13. The lighting device with light guide plate according to claim 12 wherein the frame includes heat dissipation fins on an external surface of the frame proximate to the light source.

14. A lighting device with light guide plate, comprising:

a light guide plate that includes a lateral side through which light enters the light guide plate, that includes a front side through which light exits the light guide plate, and that has one of a rectangular shape, a circular shape, or an elliptical shape;

a phosphor that is coated on the lateral side of the light guide plate;

a light source that includes a plurality of light emitting diodes (LEDs) having wavelengths of 230-520 nanometers (nm), wherein the LEDs are mounted proximate to the lateral side of the light guide plate and corresponding to, but separated from, the phosphor;

a reflector that includes a reflective surface and that is mounted on a back side of the light guide plate with the reflective surface facing the light guide plate and that is matched with the light guide plate in shape; and

a frame that fixes the light guide plate, the light source, and the reflector and that is matched with the light guide plate in shape,

wherein: colors of the phosphor and the light source are complementary; the phosphor absorbs light from the light source to transition into an excited state; the light guide plate receives light from the light source and the phosphor through the lateral side; and the light guide plate, in conjunction with the reflector, outputs the light from the light source and the phosphor through the front side.

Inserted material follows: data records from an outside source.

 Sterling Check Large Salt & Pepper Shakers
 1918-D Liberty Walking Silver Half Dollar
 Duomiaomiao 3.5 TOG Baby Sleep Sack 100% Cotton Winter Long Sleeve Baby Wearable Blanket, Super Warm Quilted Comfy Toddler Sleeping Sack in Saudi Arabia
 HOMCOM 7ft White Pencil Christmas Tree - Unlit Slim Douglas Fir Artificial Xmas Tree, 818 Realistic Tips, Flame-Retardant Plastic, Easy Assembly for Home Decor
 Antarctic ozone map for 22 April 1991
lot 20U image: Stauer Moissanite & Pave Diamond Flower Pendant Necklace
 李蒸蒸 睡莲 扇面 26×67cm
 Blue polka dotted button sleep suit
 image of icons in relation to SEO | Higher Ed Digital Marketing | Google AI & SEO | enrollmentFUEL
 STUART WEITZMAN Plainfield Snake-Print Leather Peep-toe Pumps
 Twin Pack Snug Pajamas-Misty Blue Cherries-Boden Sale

15. The lighting device with light guide plate according to claim 14 wherein the frame includes heat dissipation fins on an external surface of the frame proximate to the light source.

16. A lighting device with light guide plate, comprising:

a light guide plate that includes a lateral side through which light enters the light guide plate, that includes a front side through which light exits the light guide plate, and that has one of a rectangular ring shape, a circular ring shape, and an elliptical ring shape;

a phosphor that coated on at least one of outer and inner sides of the light guide plate;

a light source that includes at least one light emitting diode (LED) having a wavelength of 230-520 nanometers (nm) that is mounted proximate to at least one of the outer and inner sides of the light guide plate corresponding to, but separated from, the phosphor;

a reflector that includes a reflective surface and that is mounted on a back side of the light guide plate with the reflective surface facing the light guide plate and that is matched with the light guide plate in shape; and

a frame that fixes the light guide plate, the light source, and the reflector and that includes an inner frame and an outer frame,

wherein: the outer frame has an annular shape that is matched with the periphery of the light guide plate and encloses the periphery of the light plate guide; the inner frame has an annular shape that is matched with an inner edge of the light guide plate and encloses the inner edge of the light guide plate; colors of the phosphor and the light source are complementary; the phosphor absorbs light from the light source to transition into an excited state; the light guide plate receives light from the light source and the phosphor through the lateral side; and the light guide plate, in conjunction with the reflector, outputs the light from the light source and the phosphor through the front side.

17. The lighting device with light guide plate according to claim 16 wherein the frame includes heat dissipation fins on an external surface of the frame proximate to the light source.